The house was carefully examined in vain; the murderer had disappeared. But the victim, some hours later, was able to give his description and his name. He is one Bill Atkins, a decorator by trade, who had been working a few days before in the house where the cafe was situated.
The police quickly took him. Atkins neither denies nor confesses to his crime. The police agents who captured him found in his pockets no weapon other than a penknife which had no trace of blood on its blades.
Lucrecia Pembroke was able to state, however, that she saw him take from his pocket a knife of great size.
The people of London are wondering if this Atkins will turn out to be that same Jack the Ripper, so fruitlessly sought by all the means available to the English police.
For the moment, public attention is fixed on the fact that the perpetarator of this crime, believing that his victim was alone in the building, closed the door, taking precautions so as not to be interrupted.
It is clear that Bermondsey, site of this new attempt, is not in the Whitechapel district; but it could well be that Jack the Ripper had left the first location of his deeds because of the extraordinary vigilance which is currently being exercised there.
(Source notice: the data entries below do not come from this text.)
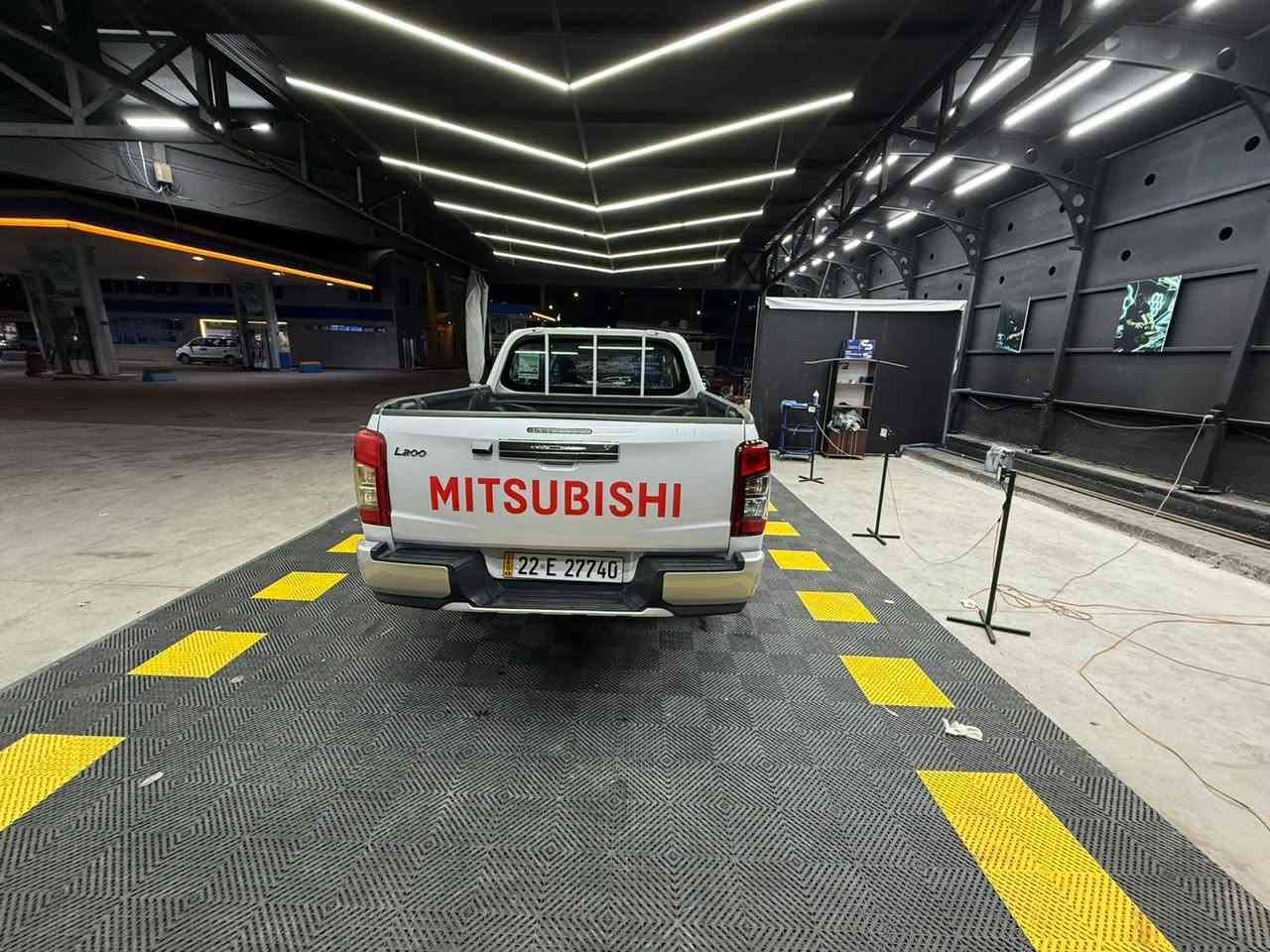 أسلام وعليكم
مستبوشي  L200  كاز  2023
كير اتوماتيك   
محرك ابشرط لأصرف لانفخ لا دخان اسود
ماشيه 60الف 
كامرات 5. 360 درجه 
عنوان. دهوك.  ترهم. مرواس حسب قناعه
*********** واتساب.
Note that I have translated the girl's name exactly as it appears in the Spanish article - Lucrecia. Presumably in English this would be Lucy, Lucrezia or some such similar name.
Post Number: 464
|Posted on Monday, September 08, 2003 - 11:25 am: ||
Here is the relevant part of the above article describing the attack on Pembroke. It is not clear from the article if she ultimately survived the attack or not or what happened to Atkins.
Post Number: 11
|Posted on Thursday, November 06, 2003 - 3:19 pm: ||
The only record of Lucy Pembroke on the BMD site relates to a marriage in Chelsea, 1898.
Christopher T George
Post Number: 411
|Posted on Friday, November 07, 2003 - 9:53 am: ||
I was initially curious about the description of Bill Atkins as "papelista de oficio" thinking that this might be at last the confirmation that the Vatican was behind the crimes... but I see you have translated it to mean "decorator by trade."
The way I interpret the article, it sounds as if Miss Pembroke survived the attack, so perhaps she is the same Lucy Pembroke who was married in Chelsea in 1898.
All the best
Post Number: 688
|Posted on Friday, November 07, 2003 - 7:45 pm: ||
It looks very much as if you are right in supposing that Lucy Pembroke survived the attack. There is only one of her name listed in the 1891 census, aged 18 (which would fit if she was about 15 in early 1889) and her details are as follows:
16 Lime Grove
Lucy Pembroke aged 18
General Domestic Servant
Born: Bucklebury, Berkshire.
Her employer was Henry Ervestaff aged 60, living on own means. This unlikely sounding surname may be meant to be Everstaff.
Of course I could not resist looking for Bill Atkins!
There were three William Atkins entries for Bermondsey:
1) aged 58 - a commercial clerk
2) aged 24 - a labourer in the furnishing trade
3) aged 66 - a butcher
If course it's possible that the Atkins who attacked Lucy had moved or even been put away. there are 95 matches for the London area on that name and I will see if any show decorator. painter or allied trade.